- _What is expected_: The expected answer is the data below, retyped exactly.

- _Data section_:

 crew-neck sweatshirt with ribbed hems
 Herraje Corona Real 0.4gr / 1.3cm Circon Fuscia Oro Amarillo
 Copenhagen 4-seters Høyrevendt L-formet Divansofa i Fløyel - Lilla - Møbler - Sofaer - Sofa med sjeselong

- _Task output_:
 crew-neck sweatshirt with ribbed hems
 Herraje Corona Real 0.4gr / 1.3cm Circon Fuscia Oro Amarillo
 Copenhagen 4-seters Høyrevendt L-formet Divansofa i Fløyel - Lilla - Møbler - Sofaer - Sofa med sjeselong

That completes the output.